Lys (/fr/; Lo Lis) is a commune in the Pyrénées-Atlantiques department in southwestern France.

==Geography==
===Hydrography===
The river Landistou, a 12.5 km long tributary of the Béez, passes through the village Lys. Several tributaries of the Landistou (Betbeder, Bonnasserre, Chourrup, Lazerau, Lespereu) also pass through the commune. The northern part of the commune is drained by the river Luz, a 15.2 km long tributary of the Gave de Pau, and some of its tributaries (Gest, Herran, Luz de Casalis). The southern part of the commune is drained by the stream Ruisseau de la Fontaine de Mesplé (Béez basin), and its tributary Ruisseau de Subercase.

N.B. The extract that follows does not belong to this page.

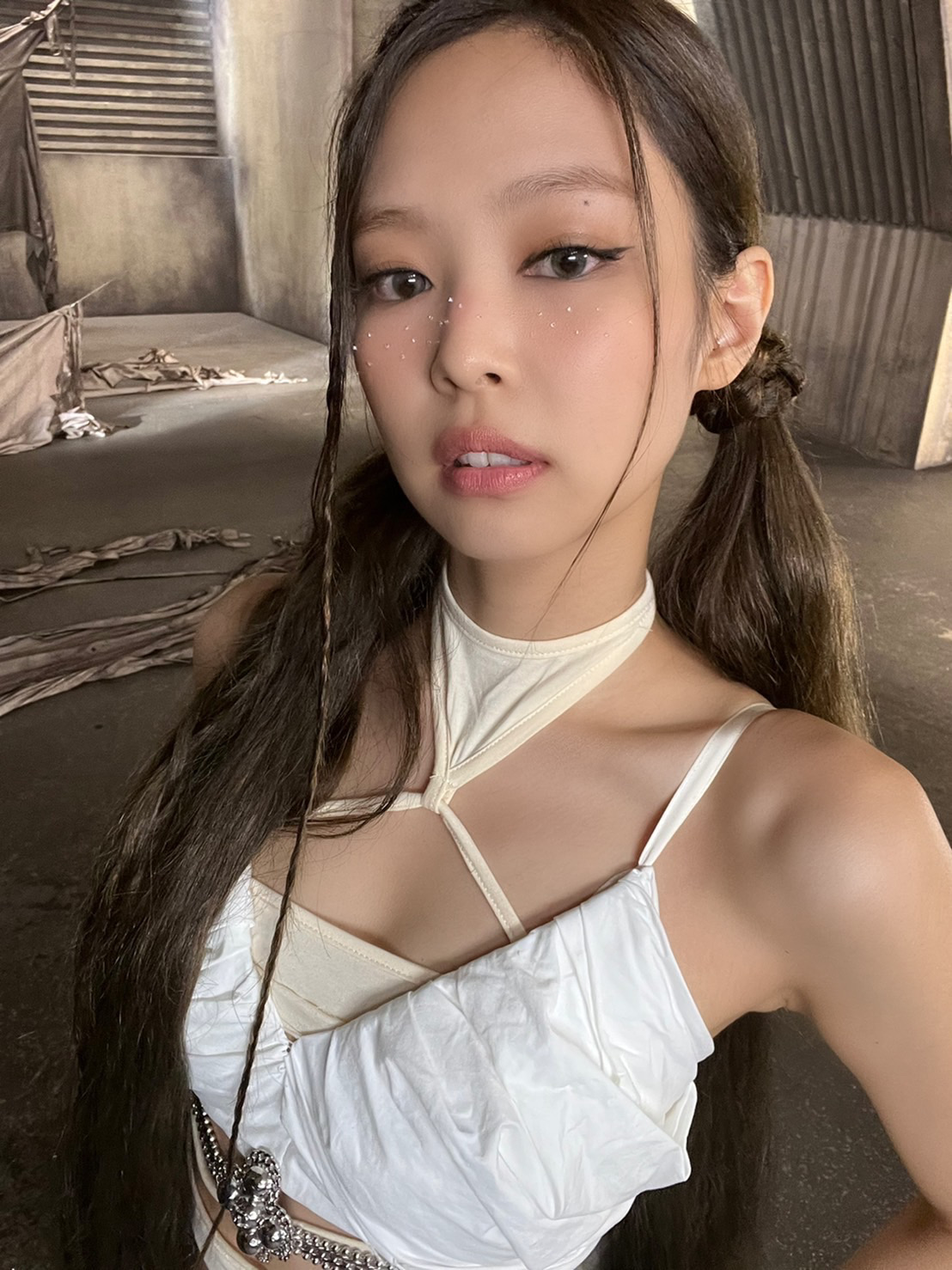 [정보/소식] 블랙핑크 제니 위버스 업데이트 | 인스티즈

===Localities and Hamlets===
- lou Boscq
- Vic de Hoges de Baix
- Vic de Hoges de Haut
- Vic de Lis de Baix
- Vic de Lis de Haut

===Surrounding Communities===
- Sévignacq-Meyracq to the north
- Haut-de-Bosdarros to the northeast
- Bruges-Capbis-Mifaget to the east
- Sainte-Colome to the southwest
- Louvie-Juzon to the south

==Toponymy==
The name Lys appears as Lis-Sainte-Colomme (Lily Saint Colomme) from the 1721 census. The name comes from Gascony, and means 'flat land'.

==History==
Lys was formerly an annex of Sainte-Colome until it acquired municipality status in 1858.

==Administration==
The current mayor is Nadège Poueymirou Bouchet, in office since 2020.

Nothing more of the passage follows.